昔の日本学生支援機構奨学金の家計基準は、両親いずれか一方の収入だけで審査されていましたが、現在では世帯年収(厳密に言うと両親と本人の住民税情報)で判定されます。
共働き世帯が7割を超える現在、大都市圏では世帯年収600万円は中間所得層ではない、という声をよく耳にします。確かにそうかもしれませんが、地方では中間所得層どころか上位層に該当する地域も多いと思います。
また、大都市圏でもシングルマザー家庭などは第4区分の創設で救われるケースが多いのではないかと思います。
第4区分の支援内容
多子世帯は給付型奨学金と学費減免の両方の1/4支援が受けられます。
いっぽう、私立理工農系の学生は、給付型奨学金の支給はなく、文系との差額分の学費減免支援のみが受けられるというかたちです。
多子世帯で私立理工農系進学者の場合は、多子世帯の支援内容が適用されます。
第4区分の支援額(年額)
多子世帯とは?
扶養する子どもが3人以上いる世帯が多子世帯と判断されます。そのため、大学を卒業して就職し扶養を外れた、または高卒で就職して扶養から外れたという兄妹は多子世帯のカウントからは外れます。
統計によると2021年度の多子世帯割合は17.7%に過ぎないため、大半の家庭は対象外となります。その点については批判の声の方が多いようですが、該当する家庭にとっては非常に有難い経済支援制度と言えるでしょう。
私立の理工農系の認定とは?
高等教育の修学支援新制度(給付型奨学金+学費減免)は、一定要件を満たして国や自治体から認定を受けた大学や専門学校に進学することが条件になります。
つまり、認定外の学校に進学すると、学生側が修学支援新制度の要件を満たしていても支援が受けられないということです。

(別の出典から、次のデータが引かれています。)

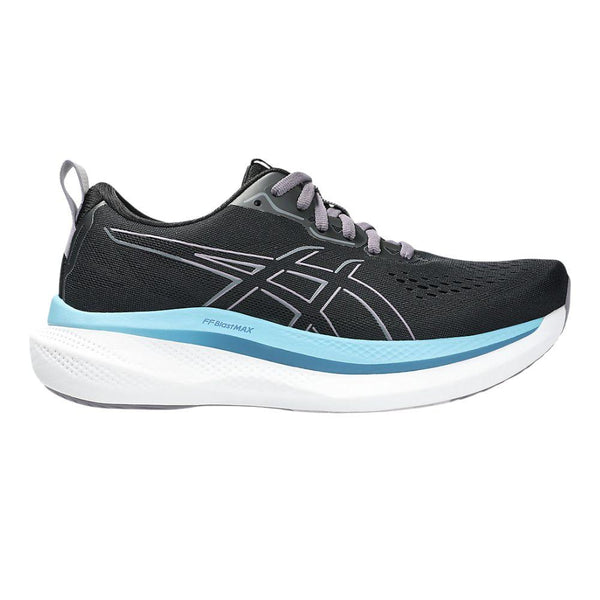 ASICS GLIDERIDE MAX รองเท้าวิ่งถนนผู้หญิง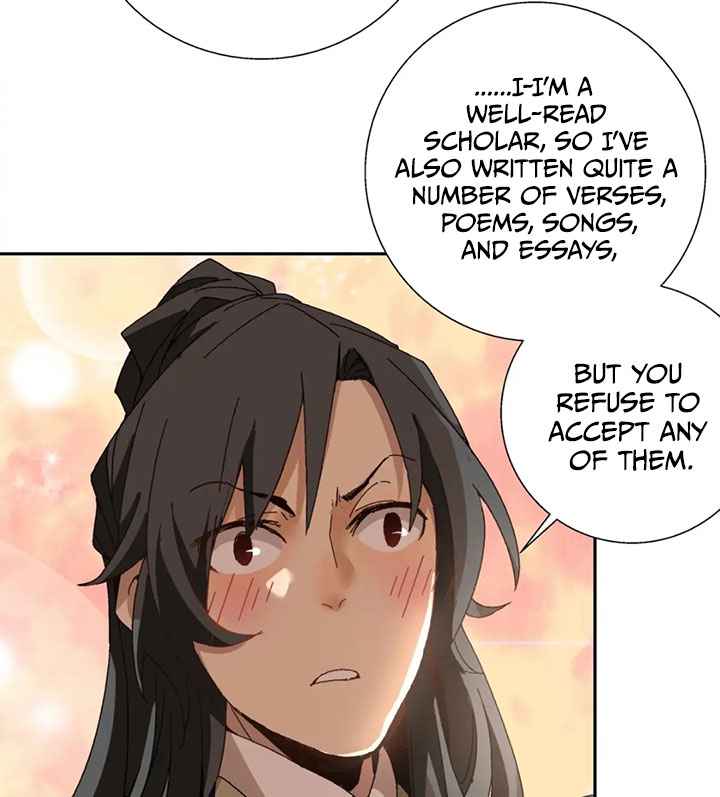 Page 57 of Chapter 2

第4区分として取り扱われる「私立理工農系」分野は学校ではなく、「学部・学科」単位での認定となるので、志望校の学部学科が認定を受けているかどうかの確認を忘れないでください。
多子世帯への支援がさらに拡充される
(2025年度から予定)
高等教育の修学支援新制度は少子化対策の一環として創設されました。前述したように2024年度からは第4区分が新たに設けられ、多子世帯と私立理工農系の中間所得層への支援が始まります。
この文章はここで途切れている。